History of Irish Fest
To preserve, promote and celebrate all aspects of Irish, Irish American and Celtic cultures, and to instill in current and future generations an appreciation of their heritage.
The Birth of Milwaukee Irish Fest
What originated as the seed of an idea for an event to celebrate and promote Irish heritage, Irish Festivals Inc. has emerged into a thriving organization that celebrates the music, culture and history of Ireland during its four-day festival as well as several outreach initiatives throughout the year.
In the early 1980s, members of Milwaukee's Irish community gathered to discuss opportunities to promote their Gaelic heritage in a city known for its German roots. The idea of a festival, a three-day event to promote Irish culture through music, dance, cultural exhibits, drama and sports, was born. The festival wasn't just an opportunity to feature national Irish acts but also an impetus to showcase local groups that celebrate the rich traditions of Irish music.
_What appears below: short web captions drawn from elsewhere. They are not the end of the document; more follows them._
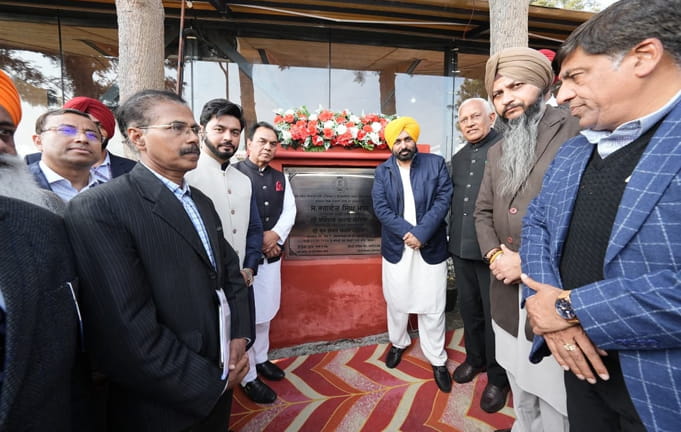 ਮੁੱਖ ਮੰਤਰੀ ਵੱਲੋਂ ਹੁਸ਼ਿਆਰਪੁਰ ਵਿੱਚ ਸਲੇਰਾਨ ਡੈਮ ਈਕੋ-ਟੂਰਿਜ਼ਮ ਪ੍ਰੋਜੈਕਟ ਦਾ ਉਦਘਾਟਨ; ਕਿਹਾ, ‘ਆਪ’ ਸਰਕਾਰ ਪੰਜਾਬ ਦੇ ਸੈਰ-ਸਪਾਟਾ ਸਥਾਨਾਂ ਨੂੰ ਵਿਕਸਤ ਕਰਕੇ ਨੌਜਵਾਨਾਂ ਨੂੰ ਦੇ ਰਹੀ ਹੈ ਰੋਜ਼ਗਾਰ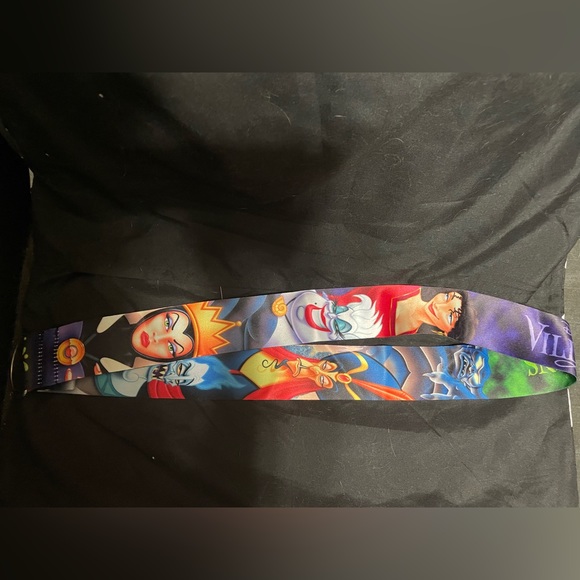 Disney villain lanyard - Picture 2 of 2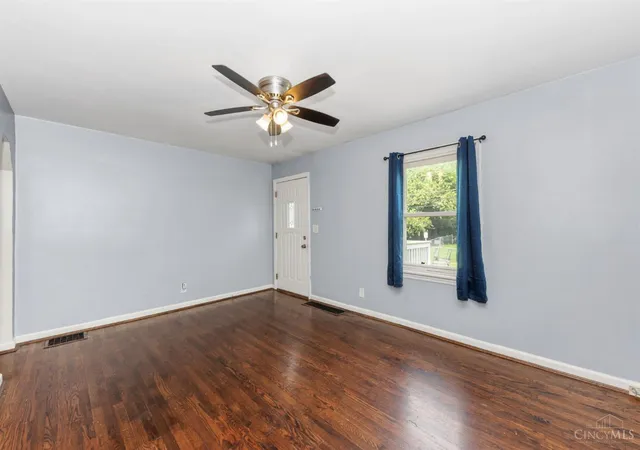 Photo 4 of Single family home for sale at 1742 Ashbrook Dr, Cincinnati, OH 45238 | MLS# 1890085 | Listing updated on 2026-09-04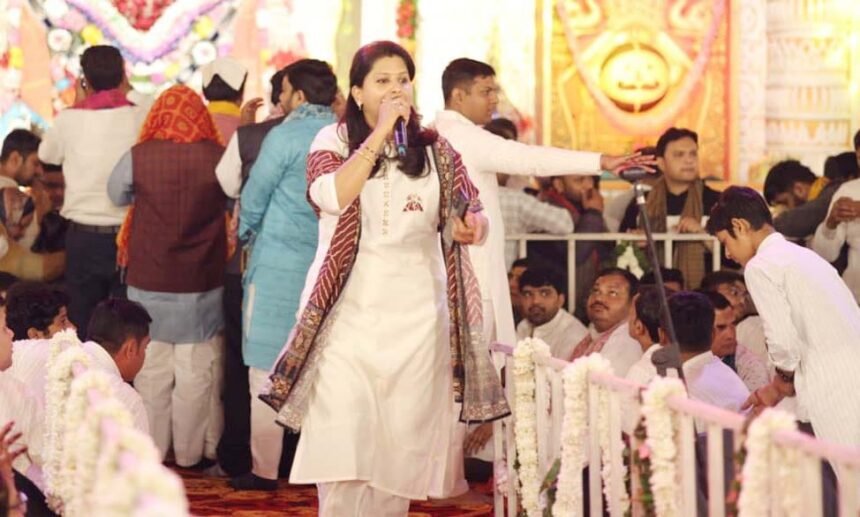 Devotional songs resonated at the Shri Shyam Falgun Festival, leaving the devotees deeply moved. IMAGE CREDIT TO श्री खाटू श्याम परिवार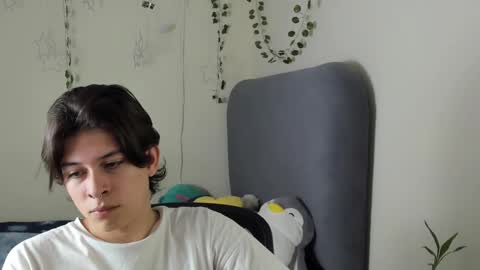 Snapshot of felix_leex chatting on 22, 2, 2025 Felix leex online show from 22, 2, 2025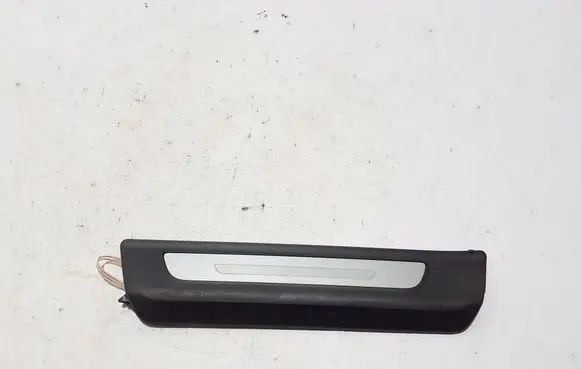 Audi Q8 Rear sill trim cover 4M0947417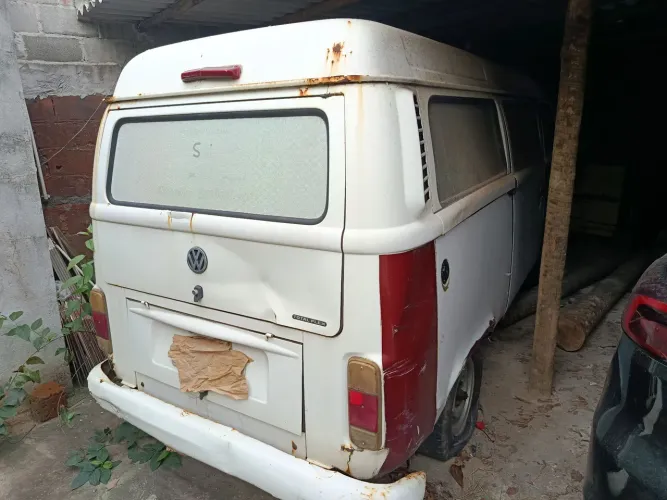 Volkswagen Kombi Standard 1.4 MI Total Flex 8V 2009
Under the direction of Ed Ward, the first Irish Fest premiered in 1981 on a shoestring budget. Volunteers spent months planning the event, incorporating an extensive lineup of musical entertainment and cultural programming. Based on the event's success and overwhelming interest by those in attendance, the Smithsonian Institution's National Folk Life program called Milwaukee Irish Fest "the largest and best Irish cultural event in North America."
A Different Kind of Summer School
Based on the continued interest in the festival, Irish Fest established a summer school program at the Milwaukee School of Engineering. The summer school, which provides a week of courses prior to the festival for adults and children, offers a showcase of workshops in Irish dance and music, crafts, lectures, Gaelic language instruction and a historical overview of the Irish heritage. The school continues to draw hundreds of individuals from all over the world to teach and participate in this annual favorite prior to the festival.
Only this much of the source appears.